Task description: Write exactly, with no line omitted or added, the span beginning at the line that holds "Akku-Rasenmäher RYOBI ONE+" and ending at the last line of the records.

Data for review:
────────────────
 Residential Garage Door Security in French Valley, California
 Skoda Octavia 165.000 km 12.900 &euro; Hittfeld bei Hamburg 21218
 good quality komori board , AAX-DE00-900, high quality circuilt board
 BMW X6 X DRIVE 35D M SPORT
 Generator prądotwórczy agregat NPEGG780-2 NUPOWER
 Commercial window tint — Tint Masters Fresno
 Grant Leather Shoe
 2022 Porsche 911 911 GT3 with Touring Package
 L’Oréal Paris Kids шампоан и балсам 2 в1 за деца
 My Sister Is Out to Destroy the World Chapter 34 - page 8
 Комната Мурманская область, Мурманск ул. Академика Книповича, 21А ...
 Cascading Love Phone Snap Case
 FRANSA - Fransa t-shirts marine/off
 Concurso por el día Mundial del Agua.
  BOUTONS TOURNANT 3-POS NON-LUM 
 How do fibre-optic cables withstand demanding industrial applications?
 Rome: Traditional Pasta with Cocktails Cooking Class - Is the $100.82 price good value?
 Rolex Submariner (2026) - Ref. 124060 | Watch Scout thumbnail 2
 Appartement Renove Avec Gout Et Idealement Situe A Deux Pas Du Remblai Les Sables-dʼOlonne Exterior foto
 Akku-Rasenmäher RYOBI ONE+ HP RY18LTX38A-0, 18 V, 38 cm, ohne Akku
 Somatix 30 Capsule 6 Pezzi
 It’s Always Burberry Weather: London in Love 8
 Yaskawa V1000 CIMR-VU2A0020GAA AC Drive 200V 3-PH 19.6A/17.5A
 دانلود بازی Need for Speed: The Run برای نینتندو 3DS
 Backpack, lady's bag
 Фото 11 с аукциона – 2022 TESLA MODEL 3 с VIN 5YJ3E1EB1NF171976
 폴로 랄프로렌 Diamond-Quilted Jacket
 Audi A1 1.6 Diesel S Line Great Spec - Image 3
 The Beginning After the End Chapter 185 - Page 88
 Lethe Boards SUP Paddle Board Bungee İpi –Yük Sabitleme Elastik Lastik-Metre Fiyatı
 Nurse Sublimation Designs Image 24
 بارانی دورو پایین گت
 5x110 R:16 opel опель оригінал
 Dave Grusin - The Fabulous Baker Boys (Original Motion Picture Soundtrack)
────────────────
Exercise answer:
 Akku-Rasenmäher RYOBI ONE+ HP RY18LTX38A-0, 18 V, 38 cm, ohne Akku
 Somatix 30 Capsule 6 Pezzi
 It’s Always Burberry Weather: London in Love 8
 Yaskawa V1000 CIMR-VU2A0020GAA AC Drive 200V 3-PH 19.6A/17.5A
 دانلود بازی Need for Speed: The Run برای نینتندو 3DS
 Backpack, lady's bag
 Фото 11 с аукциона – 2022 TESLA MODEL 3 с VIN 5YJ3E1EB1NF171976
 폴로 랄프로렌 Diamond-Quilted Jacket
 Audi A1 1.6 Diesel S Line Great Spec - Image 3
 The Beginning After the End Chapter 185 - Page 88
 Lethe Boards SUP Paddle Board Bungee İpi –Yük Sabitleme Elastik Lastik-Metre Fiyatı
 Nurse Sublimation Designs Image 24
 بارانی دورو پایین گت
 5x110 R:16 opel опель оригінал
 Dave Grusin - The Fabulous Baker Boys (Original Motion Picture Soundtrack)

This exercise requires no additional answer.